4. Dutch Colonial House Style

Colonial House Style

Dutch Colonial House Style

Dutch colonial style houses were built of brick and stones with rooflines that echoed the architecture of the Netherlands. The earliest houses were a single room with twenty feet, built over a cellar and with a habitable half story beneath a steeply pitched roof. The ground floor room was used for all activities of daily living, with the upper room reserved for storage and servants. This basic unit would be repeated to form houses two or more rooms wide that opened directly to the outdoors, with no interior hallways. Only later houses included center or side halls. Clay was commonly used to form bricks and pan tiles along the Hudson River. Because glass was an imported and precious commodity, windows were small and few. Four to six H-frames were aligned and tied together with a plate and sill. Exterior walls were weatherboard or brick; in stone houses, the upper members of the H-frame sat directly on the wall.

5. Cape Cod House Style

Colonial House Style

Cape Cod House Style

Cape Cod houses are one-story structures designed to withstand the New World’s cold and snow. The houses are as humble, unadorned, and practical as their occupants. Centuries later, builders embraced the practical, economical Cape Cod shape for budget housing in suburbs across the United States. Cape Cod home is a colonial adaptation of a simple European post-and-beam home. First of all it has a simple hall and parlour layout. In the standard Cape Cod house the door is centered on the front of the house and opens into a hallway. Rooms are accessed from this central hall. Since the chimney is also centered the hallway is short and ends on the backside of the fireplace, with a hallway door leading past the chimney and into a long room running the length of the back of the house. Above the first floor there was either a loft or a half-story with gabled dormers. This was the typical layout in the colonial era.

6. Stone Ender House Style

Colonial House Style

Stone Ender House Style

The houses were build with large chimneys made of limestone which formed an entire wall of the house. Early settlers found an abundance of limestone throughout the colony, leading to its use in house construction. Stone-enders were usually two-story buildings with one room per floor.
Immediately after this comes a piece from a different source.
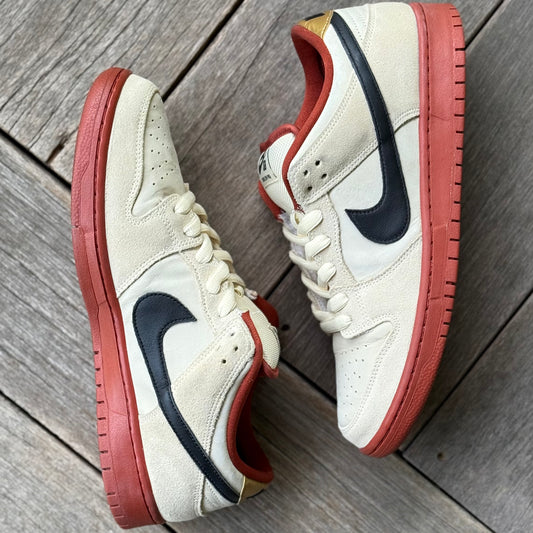 Nike SB Dunk Low Hennessy Muslin Size 10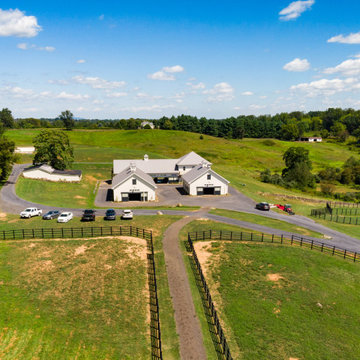 Equestrian Facility Brings Together Form and Function in Middleburg, Virginia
The floors were connected by steep stairs, which were often fit between the front entrance and the stone wall. Windows were often very small and were sealed with oil paper, although leaded glass was sometimes used. The stone-ender style has roots in western England, where similar houses were constructed.

 

7. Georgian Colonial House Style

colonial house style

Georgian Colonial House Style

The Georgian style is identified by its symmetrical composition and formal, classical details was the most prevented style in the England colonies throughout the 18th century. Typically, pattern books focused on the design details for windows, doors, fireplaces, and moulding elements, which were adopted or modified by the builder. The basic Georgian proportion was typically geometrical, with the main block of the building frequently augmented by hyphens and wings. The axial symmetry of this style will always be a safe design approach. However, this static configuration does not necessarily optimize the actual functioning of a home. The somewhat less symmetrical Federal style that followed was likely in response to this problem.